A representative for the state prison system announced on Thursday that a man who had spent nearly 30 years on Texas’ execution row after being found guilty of killing his girlfriend and her two sons had passed away from natural causes.
According to Robert Hurst, a representative for the Texas Department of Criminal Justice, Henry “Hank” Skinner, 60, passed away on Thursday afternoon at a hospital in Galveston.
Attorneys for Skinner said in a statement that the man passed away as a result of complications from a brain tumor removal procedure in December.
Skinner Was Supposed To Be Put To Death For His Crime
On September 13, Skinner was supposed to be put to death. For the 1993 New Year’s Eve deaths of Twila Jean Busby, 40, and her sons, Randy Busby, 20, and Elwin Caler, 22, Skinner was found guilty of capital murder. In the Texas Panhandle town of Pampa, which is northeast of Amarillo, they were discovered dead inside their house.
According to the prosecution, Skinner killed Twila Busby with an ax handle before stabbing her two mentally challenged boys to death.
For a long time, Skinner insisted on his innocence. He said that when they died, he was unconscious from a combination of booze and codeine and was lying on a couch. Robert Donnell, Twila Busby’s now-deceased uncle, was named as a potential suspect by Skinner and his counsel.
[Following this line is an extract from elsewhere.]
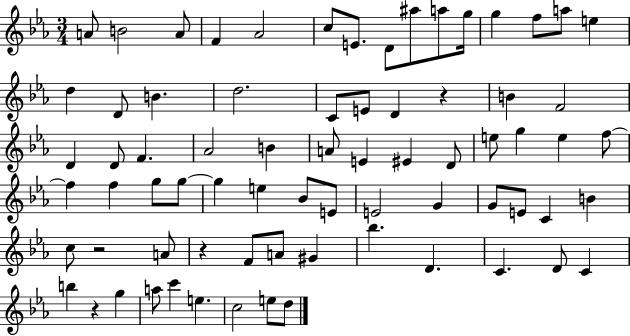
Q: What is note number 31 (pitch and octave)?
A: E4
His lawyers expressed their regret that he died before the proceedings were finished, saying that Mr. Skinner was still contesting his conviction at the time of his death.
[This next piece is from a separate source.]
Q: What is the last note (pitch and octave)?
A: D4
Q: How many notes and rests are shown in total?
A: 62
Authorities claimed that Randy Busby’s bedroom contained traces of Skinner’s DNA and that his DNA also matched blood stains found throughout the residence where the murders were committed.
When Skinner was about to be executed in March 2010, the U.S. Supreme Court granted him a stay so he could pursue DNA testing of untested objects from the crime scene.
At the time of Skinner’s trial, this material was not put to the test because Skinner’s attorney believed the results would be more detrimental to his client’s defense.
Since then, I’ve been framed, Skinner said to The Associated Press in 2010. They are about to execute me for an offense I didn’t commit.
Tests on the extra evidence were conducted. His defense had argued that if the jury had received testimony regarding this additional evidence, it was “reasonably probable” that he would have been exonerated of the murders based on the results of the tests. Most of the DNA evidence, according to the prosecution, implicated Skinner.
A court determined in 2014 that Skinner would have most likely been found guilty even if the extra DNA evidence had been presented at his trial.
The judge’s decision was upheld by the Texas Court of Criminal Appeals in October.